しかしコメントアウトを使うと、実行はしたくないけど残しておきたいコードや、メソッドやクラスに関する説明などをコード内に保持できて非常に便利なのです。またコメントはプログラミングの勉強だけでなくチーム開発でも役立つため、エンジニアの実務でも活用されています。
この記事では、プログラミング初心者の方向けにPythonでコメントアウトをする方法について解説します。
Pythonの勉強を始めたばかりの方や、コメントアウトについてよくわからないプログラミング初心者の方はぜひ参考にしてください。
【目次】
コメントアウトとは
前述の通りコメントアウトとは、コードの一部分や説明の文字列を無効化する機能です。たとえばコードの一部分をコメントアウトしておくと、実行時にその部分は実行されずに飛ばされます。

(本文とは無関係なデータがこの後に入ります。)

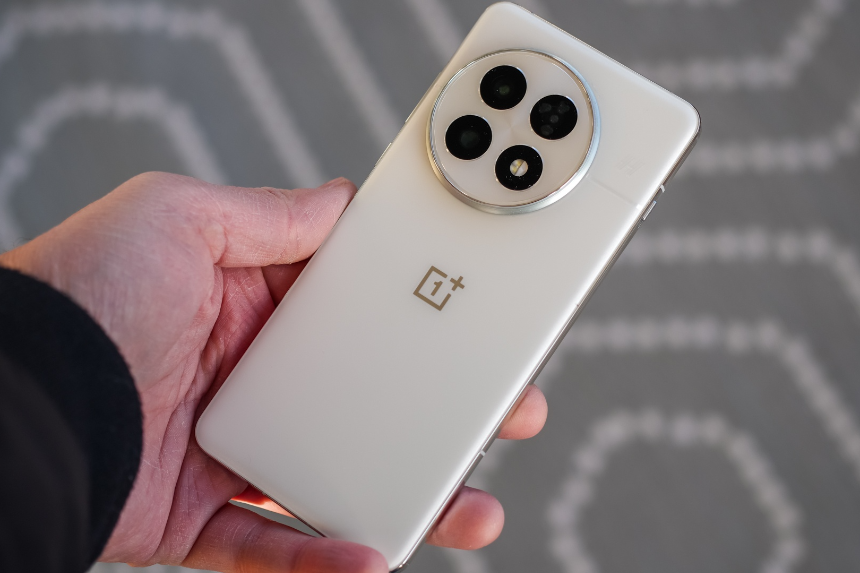 OnePlus 13 출시 정보 및 스펙 정리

コメントアウトをする方法についてはあとでまた説明しますが、以下のコードで「Hello World!を表示する」という文字列はコメントとなっているため実行されることはありません。Pythonのコードには、このような形式でメソッドの説明文などをコードに影響しないコメントとして残すことができるのです。
# Hello World!を表示する print('Hello World!')

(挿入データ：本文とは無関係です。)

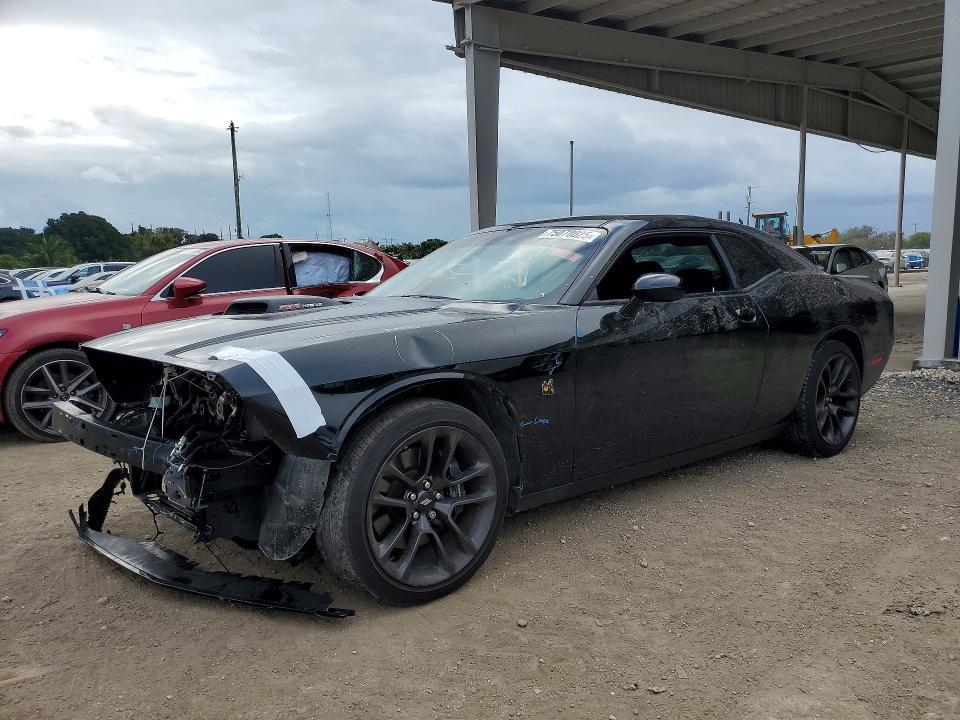2021 Dodge Challenger r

「コードが長くなるしコメントを書く時間が余分にかかってしまうのに、なぜコメントを残す必要があるの?」「実行に必要なコードだけがあればよいのでは?」と思うかもしれませんが、コメントアウトを使うとさまざまなメリットがあります。
コメントアウトを使うメリット
たしかにコメントを残そうとするとコード全体が長くなりますし、コードだけでなくコメントを書く時間が余分にかかってしまいます。しかしコメントを残しておけば、さまざまなメリットが受けられるのです。ここからは、コメントアウトを使うメリットについて解説します。コメントアウトを使う意味がいまいちよくわからない、今までコメントアウトを使ったことがないという方はぜひ参考にしてください。
以前のコードを残したまま書き換えたり、書き換えたコードをもとに戻したりできる
たとえばwhile文の練習をしているときに「同じ処理をfor文で書いたらどうなるんだろう」と思ったり、カウントダウンを表示させる問題を解いているときに「カウントアップをさせるにはどうしたらいいんだろう」と思ったりしたことはありませんか。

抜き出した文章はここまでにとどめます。